You haven’t taught until they have learned
attributed to John Wooden
My parents made certain we attended incredible schools, but my mom wouldn’t teach in them. There were two reasons for this decision. She didn’t want to teach in the schools her children attended, and more importantly, she wanted to teach children of color. My mom grew up in the Jim Crow South. One of her early memories was Jackie Robinson coming to her middle school and telling them to go to college. She wanted to pass this dream along, so my mom drove from our suburban home to the inner city everyday to fulfill her mission.
My Parents Novel Idea
When I was 13 years old my mom proposed a novel idea. She and my dad didn’t think I had enough black friends, so they felt it would be a great idea for me to play basketball on a summer team in the inner city. I was against it, they were for it, so I spent the summer on an all black summer league team..

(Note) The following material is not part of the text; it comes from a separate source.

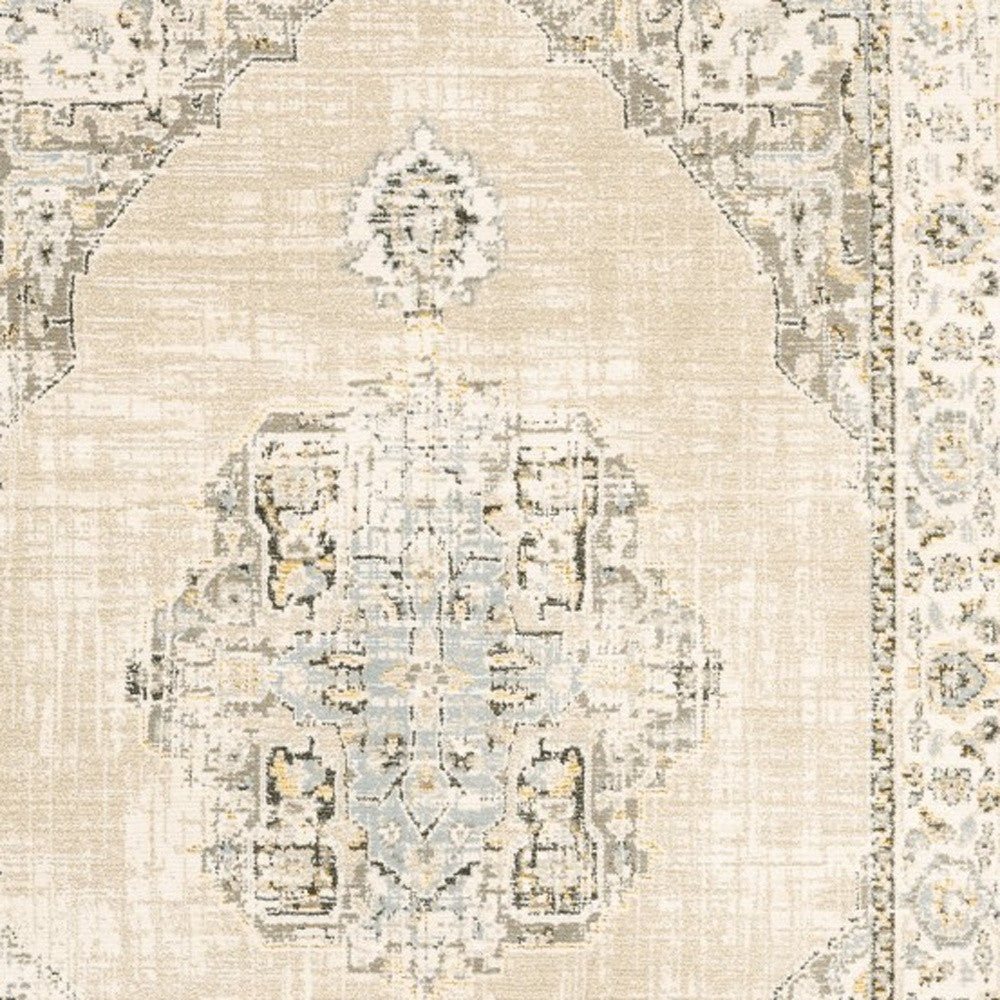8' Beige And Ivory Medallion Runner Rug-Area Rugs-DECOROLALA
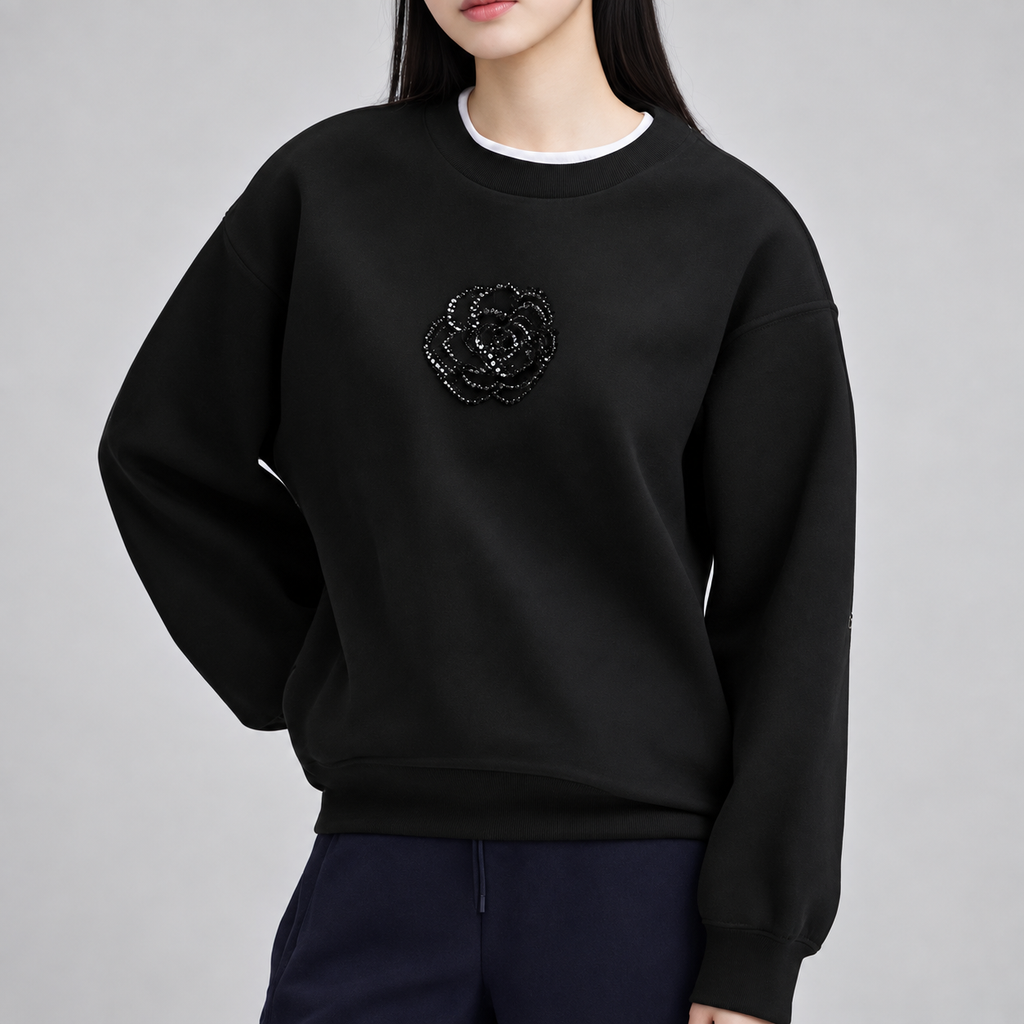 Elodie Women’s Floral Appliqué Crewneck Sweatshirt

The league was for those age 16 and above, so it was much faster and tougher than any I had experienced. I spent some portion of every practiced intimidated. One day during a water break one of the kids had compassion on me, and began asking me questions. This was the first time anyone had cared who I was, where I was from, or what I was doing there. Just before the break ended he asked me a question which told me everything I needed to know about the impact my mom was having on her students.
What’s in a Last Name?
He asked me for my last name and I responded, “My last name is “Ewell, which is spelled E.w.e.l.l., but pronounced like the “Yule” Christmas log.” This was an answer I had learned to give over years of confusion about my name. His response was nothing like I expected.
His eyes grew wide and his voice shrill as he nearly shouted the final question, “Is your mom Mrs. Ewell…the teacher?” I acknowledged with a nod of the head since fear occupied my mouth with silence. He turned to all the other players and shouted to them, “You guys aren’t going to believe this one. Russ’s mom is Mrs. Ewell!”
The players gathered around me. One of the oldest spoke and said, “Mrs. Ewell! Mrs. Ewell! If you are in her class and you don’t want to learn, then she will make you learn!” Suddenly every player either nodded his head or verbally acknowledged this reality. They reached out their hands to slap me five, patted me on the back, then spent the practice including me like never before.
From this moment on I was accepted and would enjoy a unique relationship with them over the years as we competed in games and tournaments.
The Most Passionate Teacher
Why do I share this story?
The most passionate teacher I ever met was my mom. It would be an injustice to say she taught. My mom practiced her craft. She was an artist as skilled as DaVinci in the classroom. Her social artistry made Freud look like an amateur as she managed the adolescent emotions of disadvantaged youth. Her intellectual artistry was nothing short of Richard Feynman as she made complex subjects accessible. She regularly painted a picture of what each child could be, holding them captive to the vision until it became a reality.
Hundreds of kids live adults lives beyond their imaginations because of their time in her classroom. I am one of those kids, even though my classroom was our home.
Passionate teachers change the world, so whether you are at home or in the classroom be one.